## [TASK TO COMPLETE]
Pictures aside, can you reproduce the records word for word?

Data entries
=======
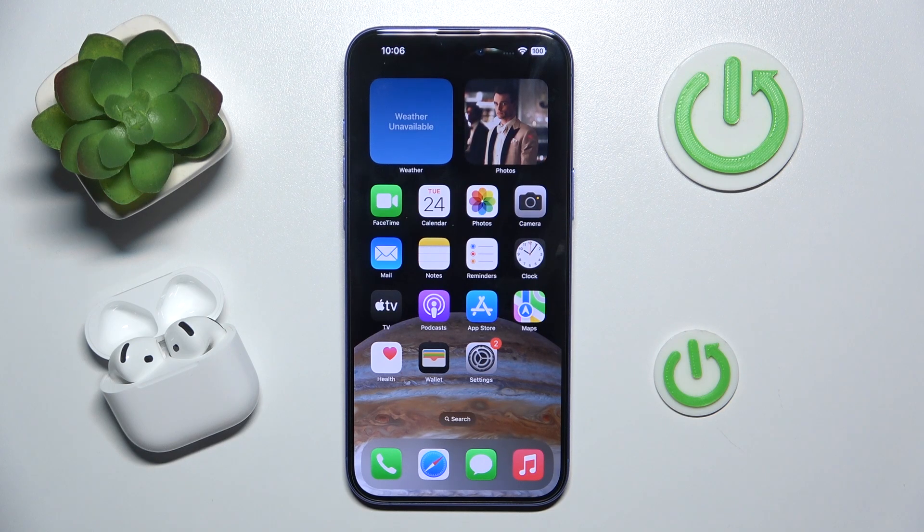Hi everyone, welcome. Today I have AirPods 4 headphones and I'm going to show you how you can easily find your user manual.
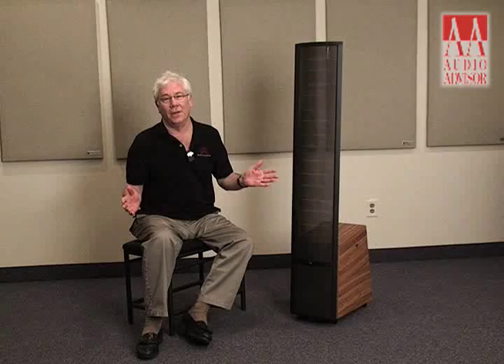I think you've got a great bargain here, and thanks for listening to the story of the speaker. I'm Dennis Chern from Martin Logan, and this has been an exclusive video for Audio Advisor.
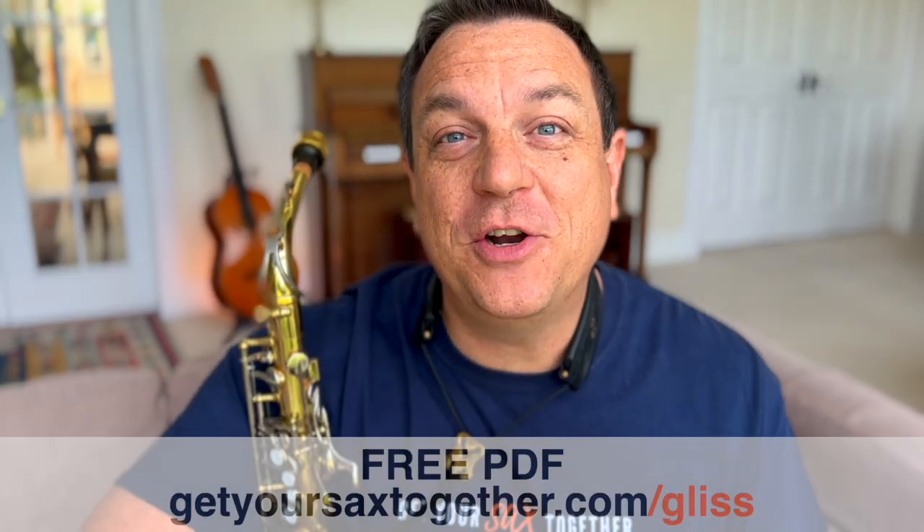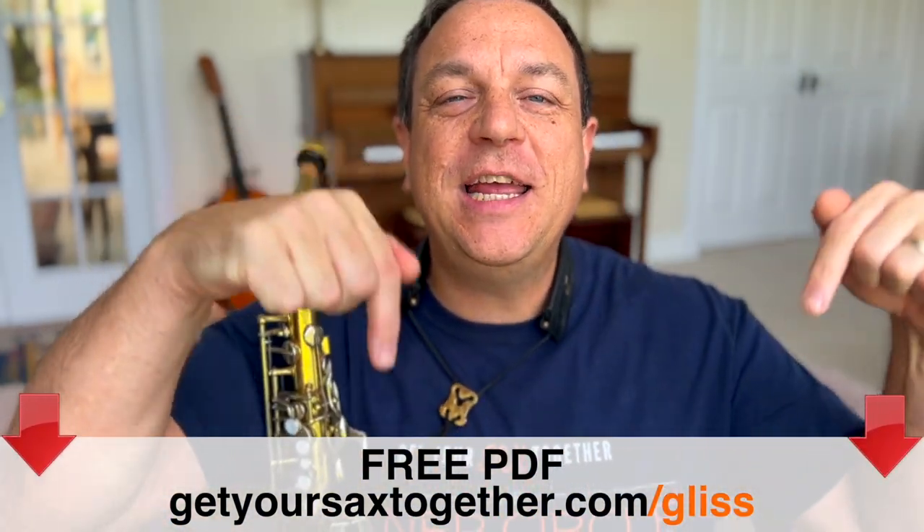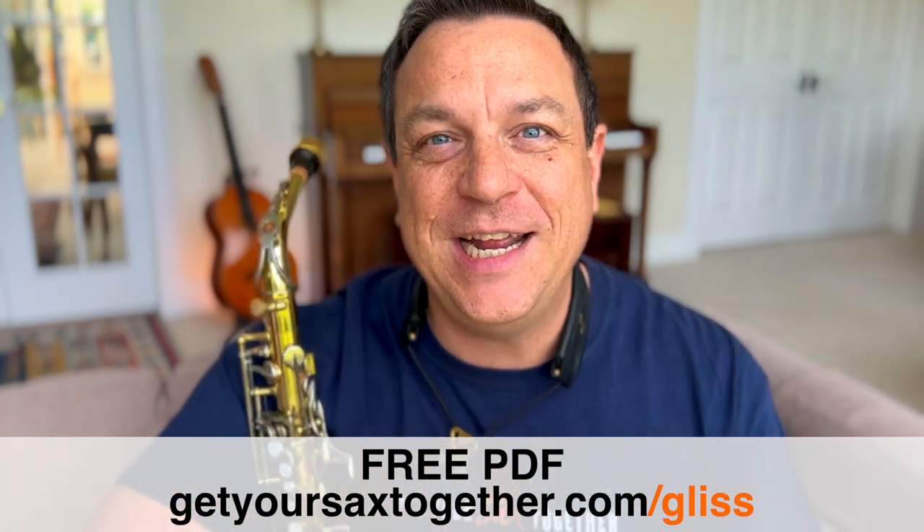By the way, I've put together a little PDF to help you with your glissandos — it's got all the exercises that you're going to learn today. Use the link that you can see there to get your free PDF. It's really going to help you out with this super cool technique.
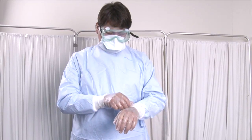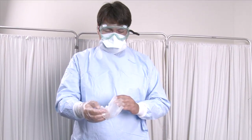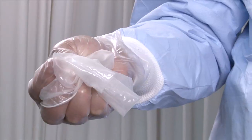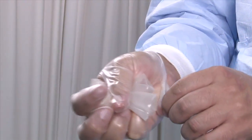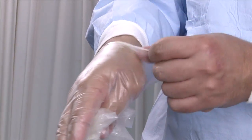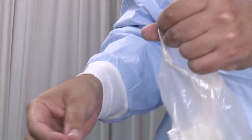Step 6 — Removing gloves: Remove your gloves by grasping the outside edge near the wrist and peeling away from the hand, turning the glove inside out. Hold the glove in the opposite gloved hand. Slide the ungloved finger under the wrist of the remaining glove and peel off from the inside, creating a bag for both gloves. Hold the gloves in the biosafety bag.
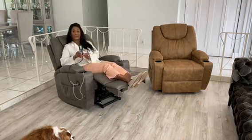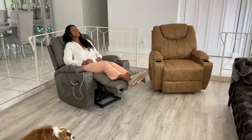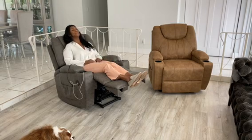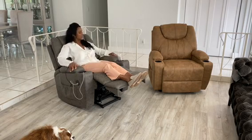Now I'm in the recline position. This is how you'll watch TV, watch your favorite movies. So comfortable. I appreciate the extra wide seat, which is so good and really, really sumptuous. Soft with the polyfill.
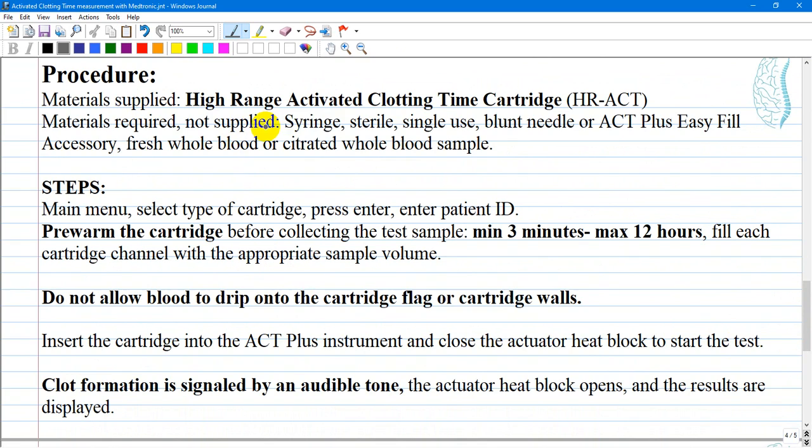Materials supplied: high range activated clotting time cartridge. We are using this type, but there are three types of cartridges: high range activated clotting time cartridges, low range, and recalcified. Materials not supplied by the apparatus include a sterile single-use syringe, blunt needle or ACT Plus easy fill accessory, and fresh whole blood or citrated whole blood sample.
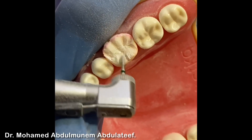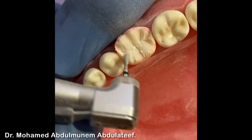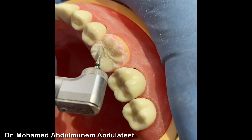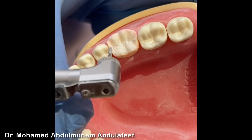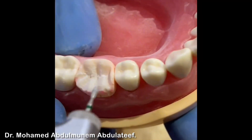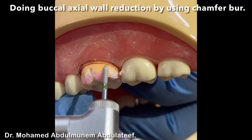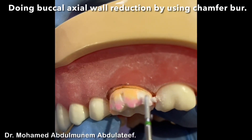Be careful not to hit the adjacent tooth. The border will be the developmental groove. Now we do the axial reduction with the chamfer bur — start from this side and go carefully. Be careful not to hit the gingival margin, and your bur should be parallel to the long axis of the tooth.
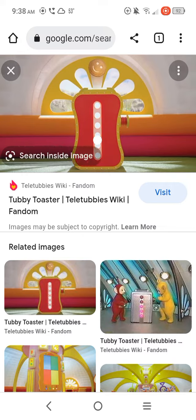Okay, so this is what the Tubby Toast machine looks like in the reboot. It's kind of an unusual shape like that. And that thing on the top, that's where the Tubby Toast comes out. So yeah, that's what the Tubby Toaster machine looks like in the reboot.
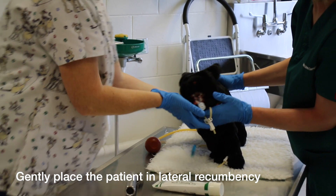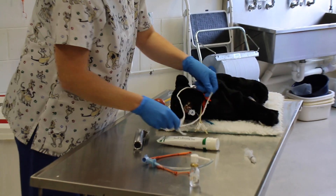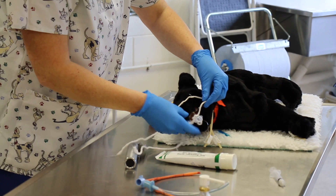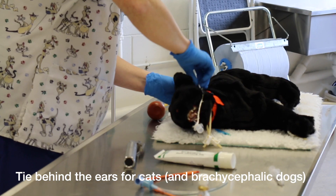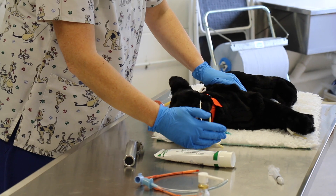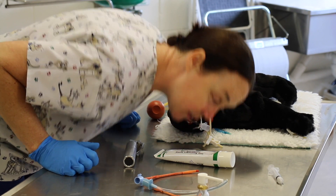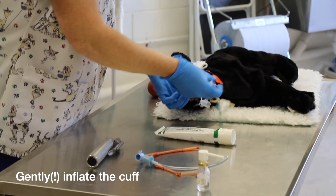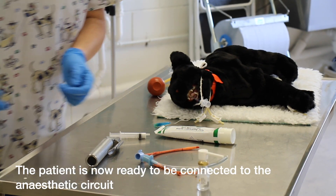Now get the patient back into lateral recumbency and secure the tube in place. The tie goes behind the connector — not over the tube, as that would occlude the airway. Tie it securely behind the ears. Check placement by using a piece of hair, pressing on the chest, or placing your face near to feel for a breath. Once happy, very carefully inflate the cuff. The patient is now ready to be connected.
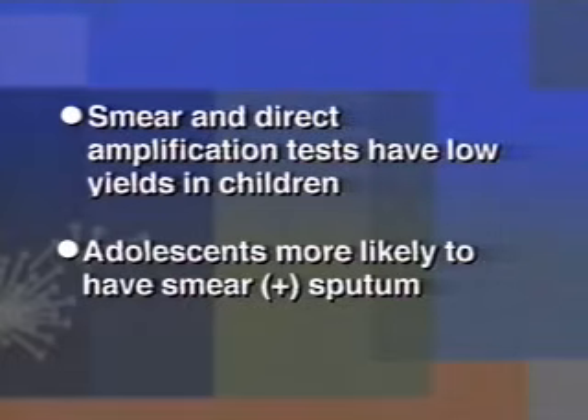TB in adolescents, however, is similar to adult disease. Adolescents have more cavitary lesions than younger children and therefore are more likely to be contagious and to have smear-positive sputum. In my experience, only the youngest babies have smear-positive gastric aspirates. This is also the group with the highest gastric aspirate culture yield, nearly 100%.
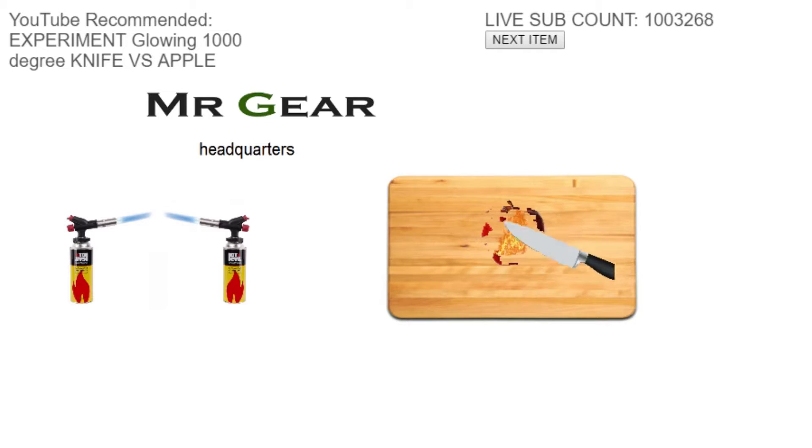This apple is being incinerated with the same stock footage of fire over it completely. So I warm up the knife here, it gets super hot — not related to the actual game Super Hot — and then we get rid of the apple. Our sub count is going super big.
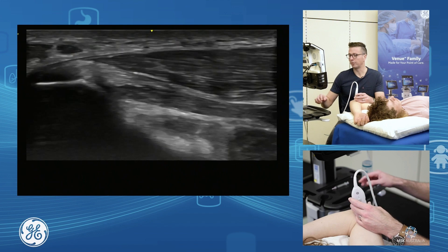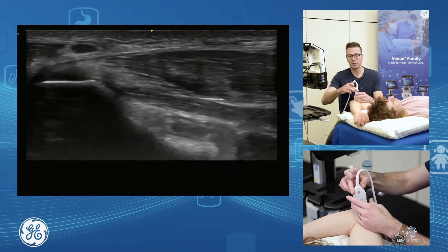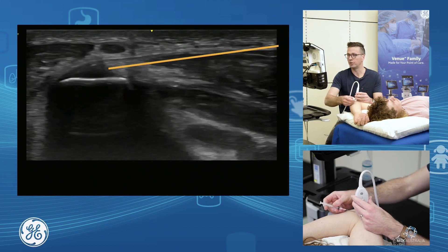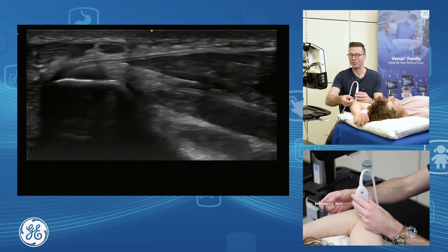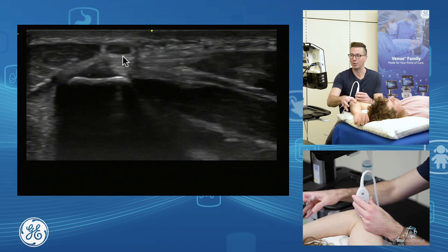To inject the common flexor, I come up in through here and bring my needle in to inject. The key thing to be aware of is the ulnar nerve. In this position the patient's ulnar nerve is sitting right on top, so you want to try not to hit that when you're injecting.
=======
## [RESPONSE FOR THIS EXERCISE]
Hi everyone, welcome. Today I have AirPods 4 headphones and I'm going to show you how you can easily find your user manual.
I think you've got a great bargain here, and thanks for listening to the story of the speaker. I'm Dennis Chern from Martin Logan, and this has been an exclusive video for Audio Advisor.
By the way, I've put together a little PDF to help you with your glissandos — it's got all the exercises that you're going to learn today. Use the link that you can see there to get your free PDF. It's really going to help you out with this super cool technique.
Step 6 — Removing gloves: Remove your gloves by grasping the outside edge near the wrist and peeling away from the hand, turning the glove inside out. Hold the glove in the opposite gloved hand. Slide the ungloved finger under the wrist of the remaining glove and peel off from the inside, creating a bag for both gloves. Hold the gloves in the biosafety bag.
Now I'm in the recline position. This is how you'll watch TV, watch your favorite movies. So comfortable. I appreciate the extra wide seat, which is so good and really, really sumptuous. Soft with the polyfill.
Materials supplied: high range activated clotting time cartridge. We are using this type, but there are three types of cartridges: high range activated clotting time cartridges, low range, and recalcified. Materials not supplied by the apparatus include a sterile single-use syringe, blunt needle or ACT Plus easy fill accessory, and fresh whole blood or citrated whole blood sample.
Be careful not to hit the adjacent tooth. The border will be the developmental groove. Now we do the axial reduction with the chamfer bur — start from this side and go carefully. Be careful not to hit the gingival margin, and your bur should be parallel to the long axis of the tooth.
Okay, so this is what the Tubby Toast machine looks like in the reboot. It's kind of an unusual shape like that. And that thing on the top, that's where the Tubby Toast comes out. So yeah, that's what the Tubby Toaster machine looks like in the reboot.
Now get the patient back into lateral recumbency and secure the tube in place. The tie goes behind the connector — not over the tube, as that would occlude the airway. Tie it securely behind the ears. Check placement by using a piece of hair, pressing on the chest, or placing your face near to feel for a breath. Once happy, very carefully inflate the cuff. The patient is now ready to be connected.
TB in adolescents, however, is similar to adult disease. Adolescents have more cavitary lesions than younger children and therefore are more likely to be contagious and to have smear-positive sputum. In my experience, only the youngest babies have smear-positive gastric aspirates. This is also the group with the highest gastric aspirate culture yield, nearly 100%.
This apple is being incinerated with the same stock footage of fire over it completely. So I warm up the knife here, it gets super hot — not related to the actual game Super Hot — and then we get rid of the apple. Our sub count is going super big.
To inject the common flexor, I come up in through here and bring my needle in to inject. The key thing to be aware of is the ulnar nerve. In this position the patient's ulnar nerve is sitting right on top, so you want to try not to hit that when you're injecting.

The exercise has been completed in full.